37 五回目なるか
短いです。
よし、これで準備は整った、と。
こちらに来る時に身につけていた警吏隊の制服に着替えて、あれこれ詰め込んだ鞄を手に自分の部屋から出る。
鞄に入っているのは、あちらの世界でも使えそうな服とか、調味料とかお菓子とか。別に観光気分じゃないんだけど、思いついたのはそれくらいだった。
机の上には、いつもの手紙。
書き出しは決まっている。
―――これはさようならを伝えるためじゃないよ。
じいちゃんとばあちゃんに行ってきます!と大きく手を振って家を出た。
病院でシゼル隊長と合流して、そこから例の裏の小道へと向かう。
隊長の傷は抜糸もまだで、本来、出歩いたりしてはいけない重傷人なので、移動にはタクシーを使った。
前回の第一回目の時もタクシーを使ったんだけど、初めて車に乗ったシゼル隊長の反応は面白かった。

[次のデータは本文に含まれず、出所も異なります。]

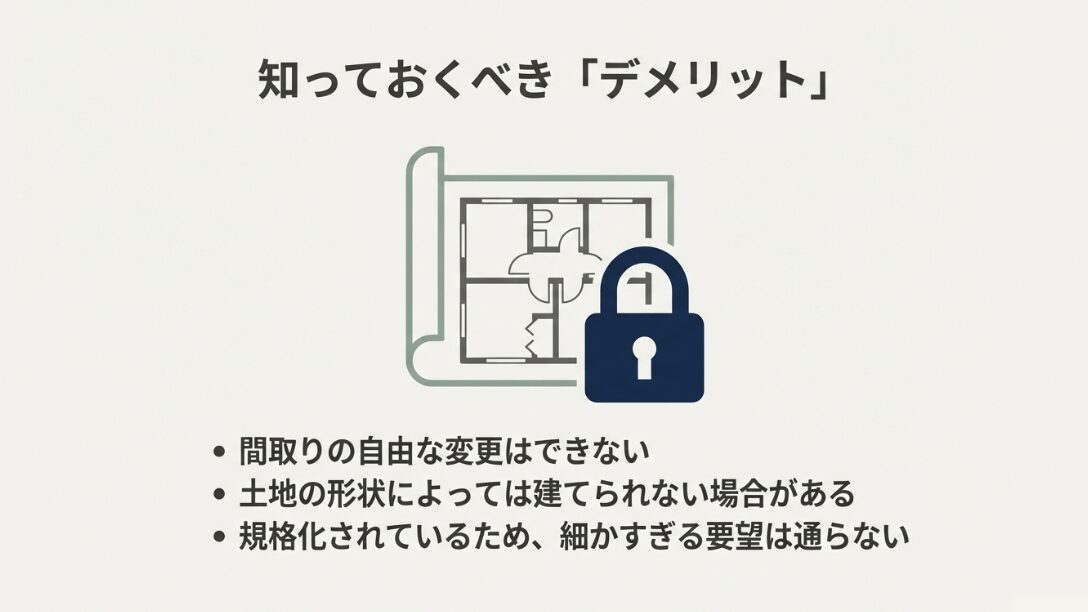 間取りの自由な変更不可や土地形状による制限など、規格住宅であるセレクトプランの注意点。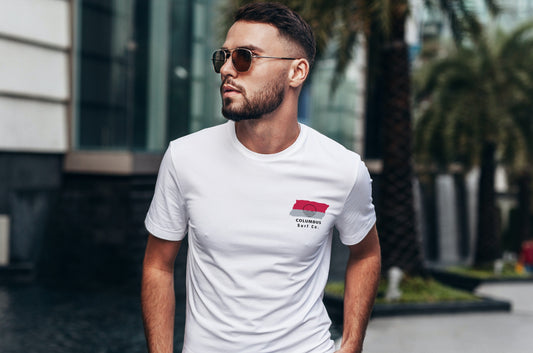 Columbus Surf Co. White Surfboard Shirt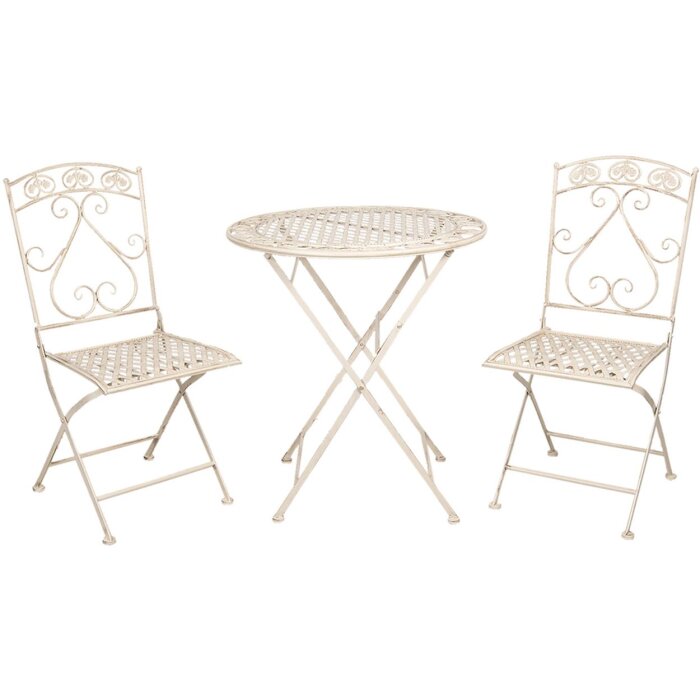 Mesa + 2 sillas Ø 70x76 cm - 39x48x91 cm (2 piezas) Clayre & Eef 5Y0696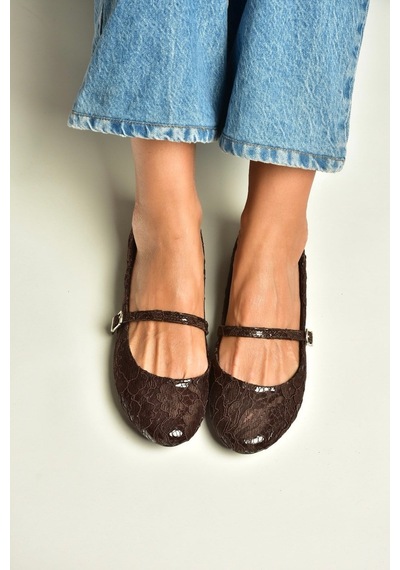 Fox Shoes Z726232704 Kahverengi Kumaş Bantlı Kadın Babet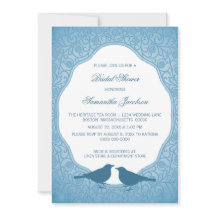 Blue Nouveau Floral Lijst Vrijgezellenfeest uitnod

ものすごく驚いていたなぁ。カズミが乗馬を苦手とする理由がわかった、と、真顔で言われて噴き出しそうになった。
武井先生にもちゃんと挨拶をした。
…また失敗して戻ってくる可能性もあるけれど、けじめとして。
厄介事から離れられてちょっとほっとした顔をしていた。先生、頑張れ!と無性に応援したくなる人だ。
「シゼル隊長、身体が辛かったら遠慮なくつかまってくださいね」
タクシーから降りて、あまりきれいとは言えない細い小道へ入っていく。
場所が選べないのが残念だ。
もしかしたら転移の起点は何処でも成功するのかもしれないけど。
やはり世界が異なるせいか、こちらで発動する魔学は思う通りにならず、威力は極端に目減りしていた。できるだけ成功率が高くなる条件を整えておかないと、目も当てられない事態に陥りそうだ。
…う、緊張してきた。
これで駄目だったら…。
いやいや! そんな嫌な事は考えない! 強気で行こう! 強気で!
「じゃあ、始めますね」
「わかった。頼む」
シゼル隊長はほんの一週間ほどでこちらがぎょっとするほど言葉を理解できるようになった。
携帯テレビで学習したって言ってたけど、じいちゃんと釣りの話で普通に盛り上がっていた時には、思わず目を疑ったよ。
「ええと、転移するために私の周りの空間を繋げますので、できるだけ近くに来てください」
「わかった。これでいいか?」
「そうですね…なるべくくっついた方がこちらの負担が少ないので、うーん、どうしようかな」
手でも繋ごうかと考えていると、するりと腰に腕が廻された。
…お?
横にいたシゼル隊長に自然と引き寄せられて、寄り添うようなかたちになる。
「これならいいか」
「え、あ、はい!」
斜め背後に立っている隊長の肩に頭が当たっている。…とてつもなく近い。
うっかり離れ離れにならないように、しっかりとつかまってもらうのは望む所なんだけど、この体勢は…。
そういえば、ゼイアスの人たちってどっちかといえば西洋系の生活スタイルだったような。つまりシゼル隊長だって照れもなく、こういう事を平然とやってしまえるわけで…。
…何だろう、この追い詰められた気分は。
自分から言い出したくせに、やってしまった感が否めない…!
あああああ。
いやいやいや、深く考えるのは止めて、さっさとやろう!
「始めます!」
風の神に捧げる誓印をいつもより丁寧に描く。
「其は風の導―――此れをもって約と為す―――是と承すれば開門せよ!」
高らかに詠じれば、その瞬間、真正面から襲い掛かるかのように強い風が吹き付けてきた。
目を開けていられない。シゼル隊長の腕に力がこもるのがわかる。
―――来る!
そう感じた瞬間、身体から体重が失われたような奇妙な浮遊感に引きずり込まれた。